Nuclear energy is often touted as an answer to climate change for its potential as an efficient means of energy production in a decarbonized energy industry of the future. We already have nuclear energy infrastructure around the world, it releases no greenhouse gases, and it’s a potent means of energy generation, but nuclear is still a hard sell in much of the world.  This is in part due to high profile nuclear disasters, such as Three Mile Island, Fukushima, and Chernobyl, which loom large in the public consciousness. It’s also due to the fact that spent nuclear fuel, while it doesn’t contribute any greenhouse gases to the atmosphere, is nevertheless a huge hazard to public health and safety, as it stays radioactive for many, many more generations than will benefit from the energy it produces. While most types of nuclear waste have a half-life of mere tens of thousands of years, Chlorine-36 stays radioactive for 300,000 years and neptunium-237 boasts a half-life of a whopping 2 million years. 

“The typical nuclear power plant creates about 2,300 tons of waste annually,” reports Big Think. “99 reactors are currently employed in the United States. That's a lot of waste per year. The US is currently stockpiling 75,000 tons of nuclear waste. It is carefully stored and maintained. However, just like anything else it is vulnerable to natural disasters, human error, even terrorism.”

As Oilprice reported earlier this year, this isn’t just a public safety issue, it’s also a public spending issue. “All this radioactivity amounts to a huge amount of maintenance to ensure that our radioactive waste is being properly managed throughout its extraordinarily long shelf life and isn’t endangering anyone. And, it almost goes without saying, all this maintenance comes at a cost.” In the United States, the crushing cost of nuclear waste maintenance is weighing heavily on taxpayers. In 2019 the cost clocked in at a staggering $7.5 billion, a number that only continues to grow. 

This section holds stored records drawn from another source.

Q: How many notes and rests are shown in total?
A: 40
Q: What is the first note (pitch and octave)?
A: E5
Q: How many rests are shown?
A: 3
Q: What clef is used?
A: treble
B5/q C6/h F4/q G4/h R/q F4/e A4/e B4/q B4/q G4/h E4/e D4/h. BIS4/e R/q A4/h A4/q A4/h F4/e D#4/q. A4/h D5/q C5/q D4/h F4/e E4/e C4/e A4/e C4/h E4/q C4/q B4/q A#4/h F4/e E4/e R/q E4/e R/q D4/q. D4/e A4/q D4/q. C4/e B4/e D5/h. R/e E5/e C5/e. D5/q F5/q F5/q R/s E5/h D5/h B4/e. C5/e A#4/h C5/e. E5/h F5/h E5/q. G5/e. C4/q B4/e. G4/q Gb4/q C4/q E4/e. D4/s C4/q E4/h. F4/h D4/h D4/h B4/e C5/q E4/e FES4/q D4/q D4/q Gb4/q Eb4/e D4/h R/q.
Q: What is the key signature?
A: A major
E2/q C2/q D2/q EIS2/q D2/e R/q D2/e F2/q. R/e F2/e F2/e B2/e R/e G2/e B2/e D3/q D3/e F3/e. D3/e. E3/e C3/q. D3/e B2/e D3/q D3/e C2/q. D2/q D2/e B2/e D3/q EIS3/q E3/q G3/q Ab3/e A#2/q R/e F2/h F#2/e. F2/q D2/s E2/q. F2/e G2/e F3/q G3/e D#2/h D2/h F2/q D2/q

Related: Why Oil Is Critical To U.S. Survival

The United States is not the only country struggling with a nuclear waste problem--not by a long shot. According to Engineering & Technology, nuclear waste is a pressing issue in Europe and especially in the UK. “Under European law, all countries that create radioactive waste are obliged to find their own disposal solutions – shipping nuclear waste is not generally permitted except in some legacy agreements. However, when the first countries charged into nuclear energy generation (or nuclear weapons research), disposal of the radioactive waste was not a major consideration. For several of those countries, like the UK, that is now around 70 years ago, and the waste has been ‘stored’ rather than disposed of. It remains a problem.”

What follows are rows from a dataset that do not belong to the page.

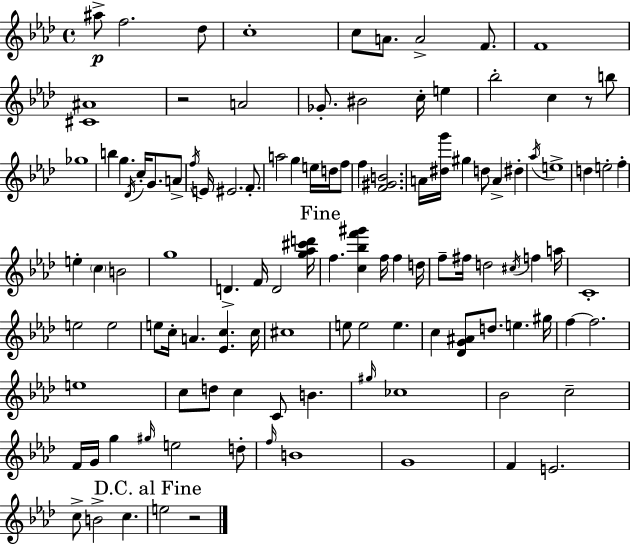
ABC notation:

X:1
T:Untitled
M:4/4
L:1/4
K:Fm
^a/2 f2 _d/2 c4 c/2 A/2 A2 F/2 F4 [^C^A]4 z2 A2 _G/2 ^B2 c/4 e _b2 c z/2 b/2 _g4 b g _D/4 c/4 G/2 A/2 f/4 E/4 ^E2 F/2 a2 g e/4 d/4 f/2 f [F^GB]2 A/4 [^dg']/4 ^g d/2 A ^d _a/4 e4 d e2 f e c B2 g4 D F/4 D2 [g_a^c'd']/4 f [c_bf'^g'] f/4 f d/4 f/2 ^f/4 d2 ^c/4 f a/4 C4 e2 e2 e/2 c/4 A [_Ec] c/4 ^c4 e/2 e2 e c [_DG^A]/2 d/2 e ^g/4 f f2 e4 c/2 d/2 c C/2 B ^g/4 _c4 _B2 c2 F/4 G/4 g ^g/4 e2 d/2 f/4 B4 G4 F E2 c/2 B2 c e2 z2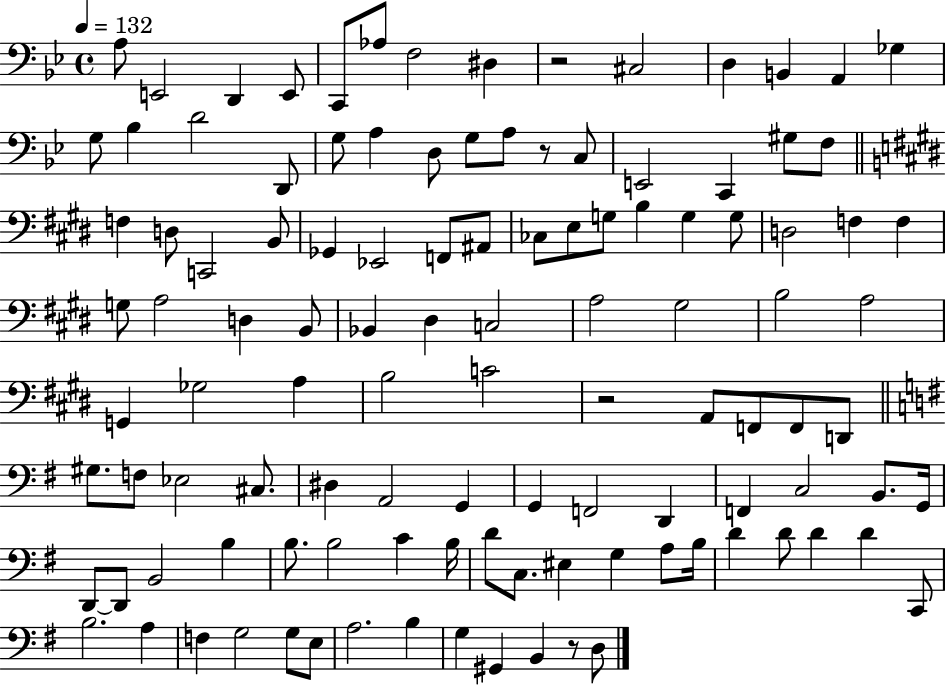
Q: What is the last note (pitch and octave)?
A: D3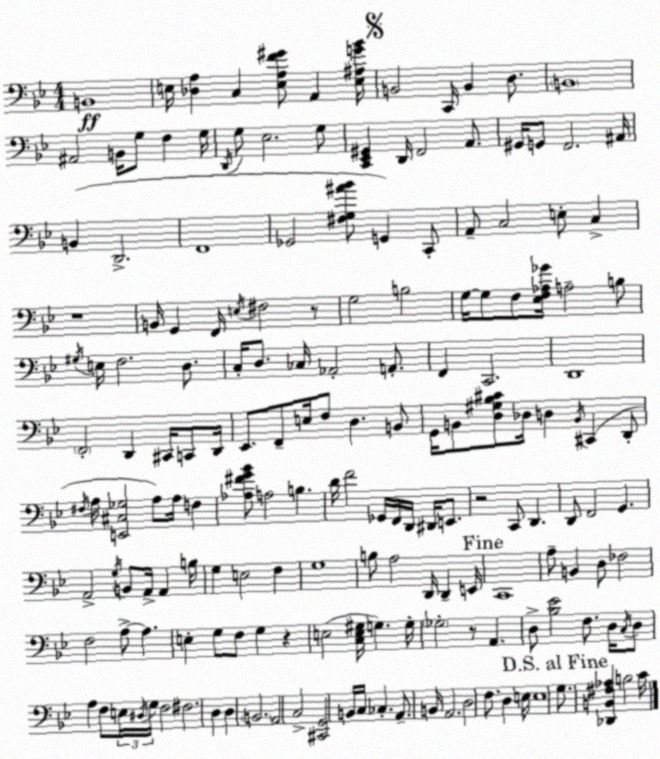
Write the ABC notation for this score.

X:1
T:Untitled
M:4/4
L:1/4
K:Bb
B,,4 E,/4 [_D,A,] C, [E,A,F^G]/2 A,, [E,^A,G_B]/4 B,,2 C,,/4 B,, D,/2 B,,4 ^A,,2 B,,/4 G,/2 F, G,/4 D,,/4 G,/2 _E,2 G,/2 [C,,_E,,^G,,] D,,/4 F,,2 A,,/2 ^G,,/4 G,,/2 F,,2 ^A,,/4 B,, D,,2 F,,4 _G,,2 [^F,G,^A_B]/2 G,, C,,/2 A,,/2 C,2 E,/2 C, z4 B,,/4 G,, F,,/4 E,/4 ^F,2 z/2 G,2 B,2 G,/4 G,/2 F,/2 [_E,F,_A,_G]/4 A,2 B,/2 ^G,/4 E,/4 F,2 D,/2 C,/4 D,/2 _C,/4 _A,,2 A,,/2 F,, C,,2 D,,4 F,,2 D,, ^C,,/4 C,,/2 D,,/4 _E,,/2 F,,/2 E,/4 F,/2 D, B,,/2 G,,/4 B,,/2 [D,^G,_B,^C]/2 _D,/4 D, B,,/4 ^C,, D,,/2 ^F,/4 A,/4 [E,,^C,_G,]2 A,/2 A,/4 F, [_A,^FG_B]/2 A,2 B, D/4 F2 _G,,/4 F,,/4 D,,/4 ^D,,/4 E,,/2 z2 C,,/2 D,, D,,/2 F,,2 G,, A,,2 G,/4 B,,/2 A,,/4 A,, B,/4 G, E,2 F, G,4 B,/2 A,2 D,,/4 D,, E,,/4 C,,4 A,/2 B,, D,/2 _F,2 F,2 A,/2 A, E, G,/2 F,/2 G, z E,2 [C,E,^G,]/4 G, G,/4 _G,2 z/2 A,, D,/2 [_B,_E]2 F,/2 D,/4 C,/4 D,/2 A, F,/2 E,/4 ^D,/4 G,/4 F,2 ^F,2 D, D, B,,2 A,,2 C,2 [^C,,G,,]2 B,,/4 C,/4 _C, A,,/2 B,,/4 A,,2 D,2 F,/2 D, E,/4 E,4 G,/2 [_D,,B,,^F,_A,] B,2 C/4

Plenty of research and design spending has gone toward figuring out what to do with nuclear waste. The UK has opted to bury their problems down deep and maintain a stiff upper lip through the development of geological disposal facilities (GDF), “a waste disposal method that involves burying nuclear waste deep, deep underground in a cocoon of backfill, most commonly comprised of bentonite-based cement.” Meanwhile, taking a slightly more sci-fi approach, Nobel prize winner Gérard Mourou has suggested blasting nuclear waste with lasers to render it benign. 

And, believe it or not, there exists an even more fantastical potential solution to dealing with nuclear waste. Researchers from the UK’s University of Bristol “have invented a method to encapsulate nuclear waste within diamonds, which as a battery, can provide a clean energy supply lasting in some cases, thousands of years,” says Big Think. Diamonds are about to be a lot more than just a girl’s best friend. 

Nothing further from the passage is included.